* [WHAT THIS TASK INVOLVES]:
The entries below should be set down again exactly, with every picture left out.
________
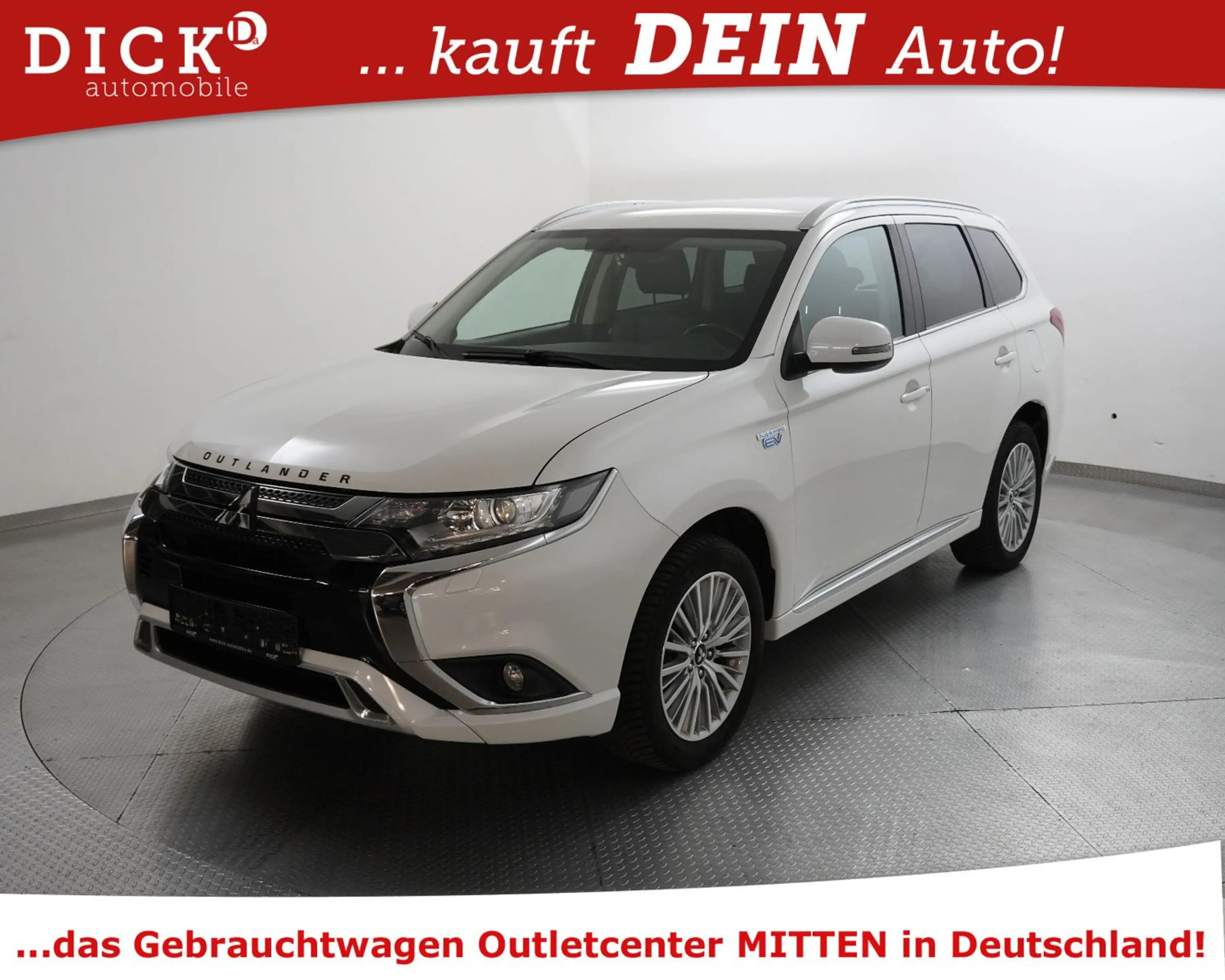 Mitsubishi Outlander PHEV 2.4 4WD Spirit STANDHZ+KAM+LED+ — photo 4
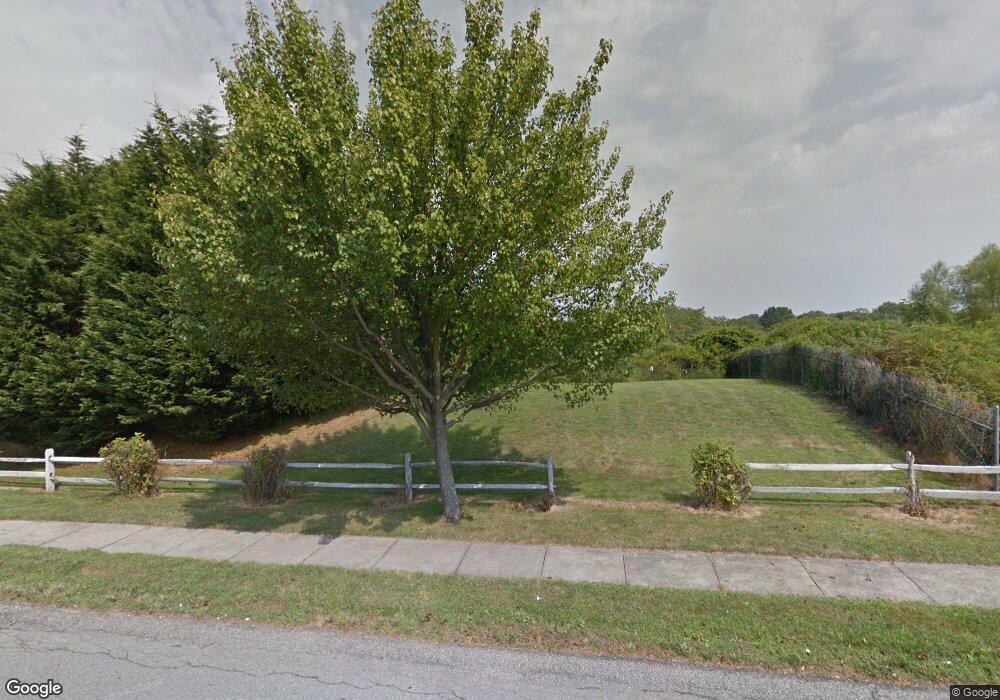 14 Goldenrod Dr, Middletown, RI 02842 - photo 1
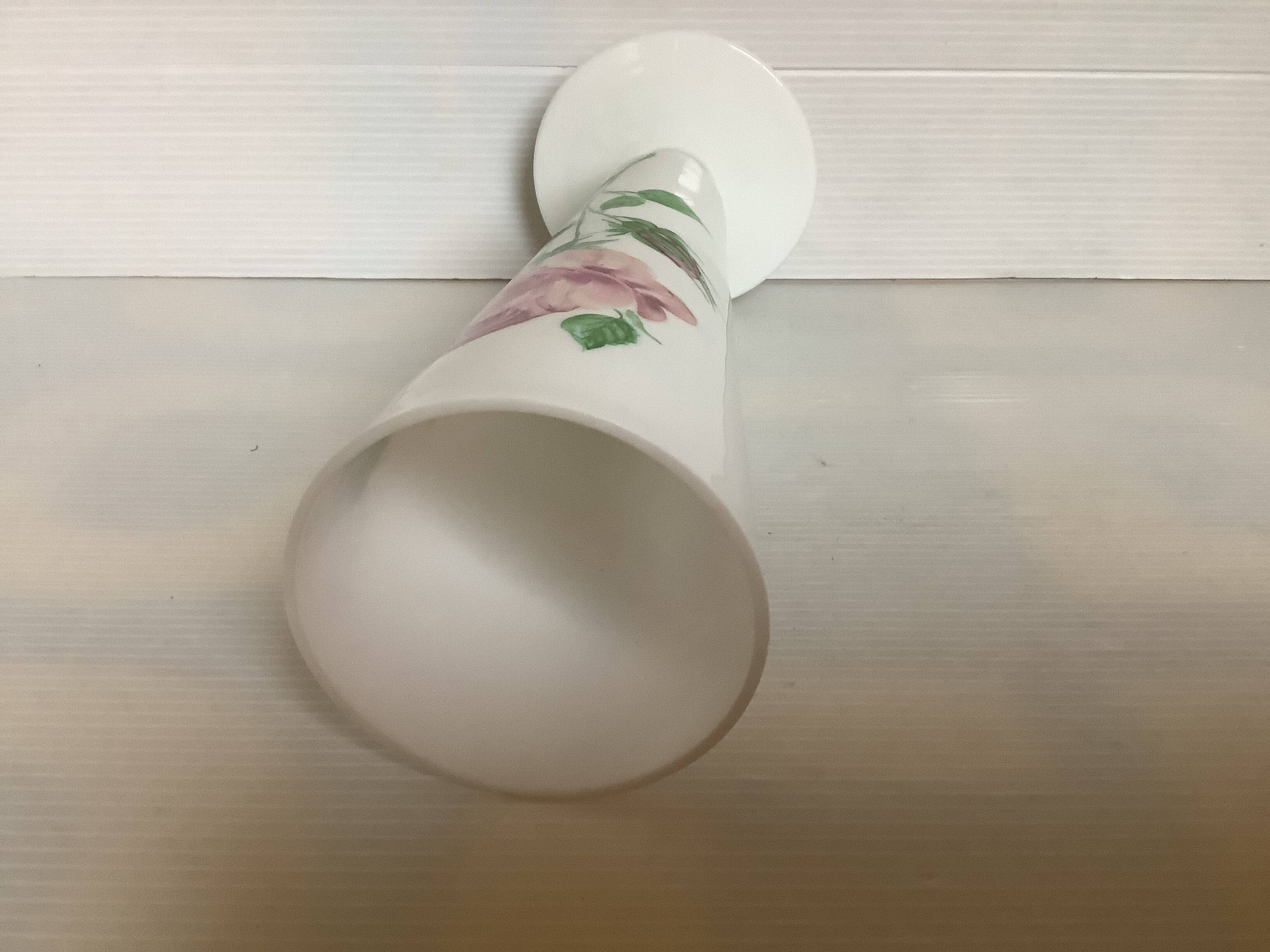 Vase roses roses opaline Orwal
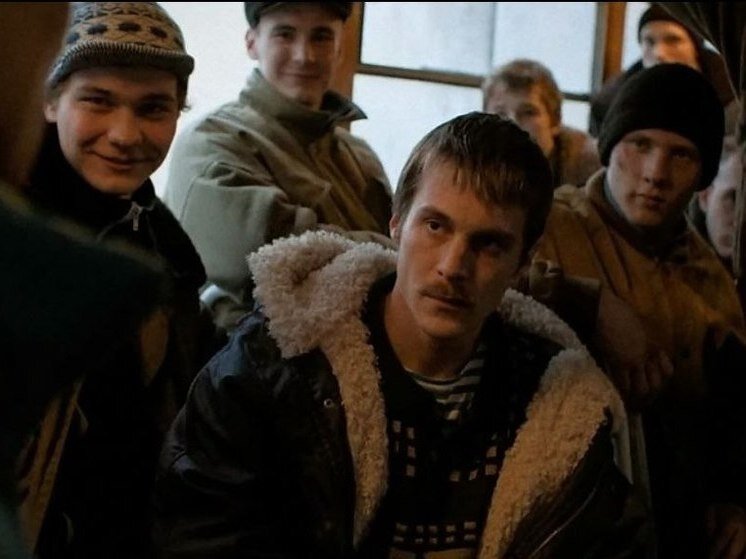     Крепкие ребята, где-то неказистые, где-то корявые, с чудными прическами. Фото: скриншот видео YouTube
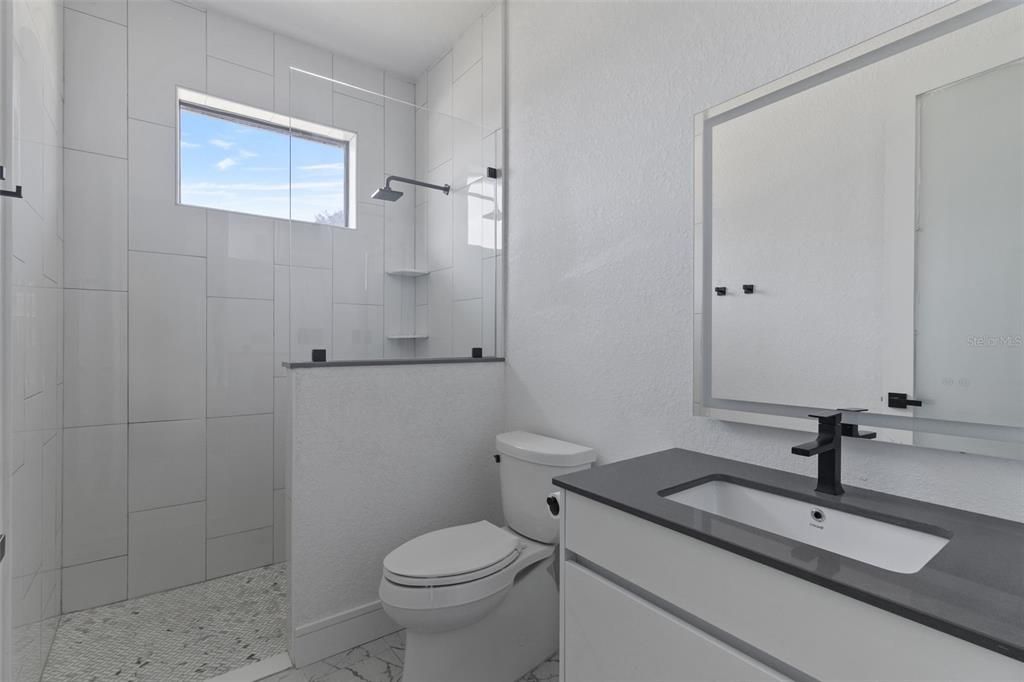 На продажу: $369,900 (3 спален, 2 ванн, 1558 Квадратных фут)
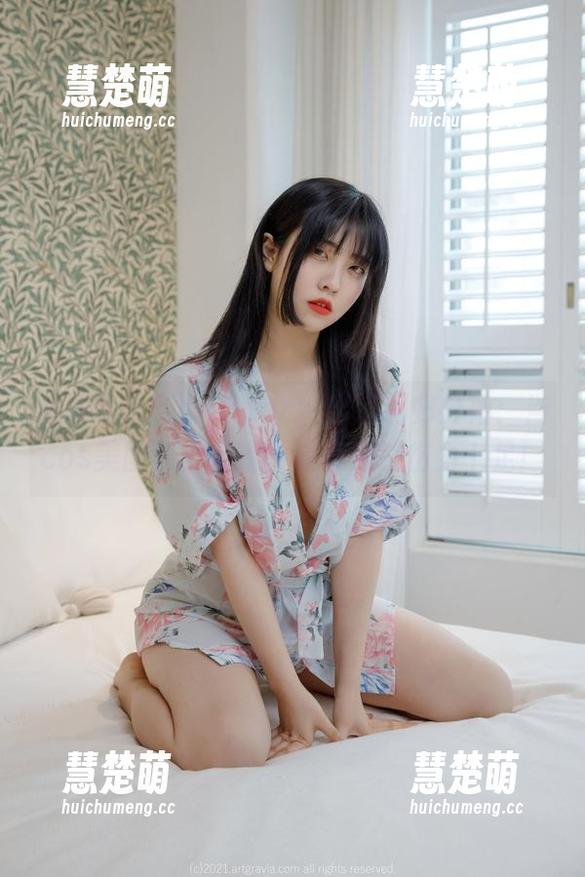 从宋哈娜Bimilstory-出道回归开始：当cos美图遇上灵魂，简直是杀伤力十足！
________
* [OUTPUT OF THE TASK]:
 Mitsubishi Outlander PHEV 2.4 4WD Spirit STANDHZ+KAM+LED+ — photo 4
 14 Goldenrod Dr, Middletown, RI 02842 - photo 1
 Vase roses roses opaline Orwal
     Крепкие ребята, где-то неказистые, где-то корявые, с чудными прическами. Фото: скриншот видео YouTube
 На продажу: $369,900 (3 спален, 2 ванн, 1558 Квадратных фут)
 从宋哈娜Bimilstory-出道回归开始：当cos美图遇上灵魂，简直是杀伤力十足！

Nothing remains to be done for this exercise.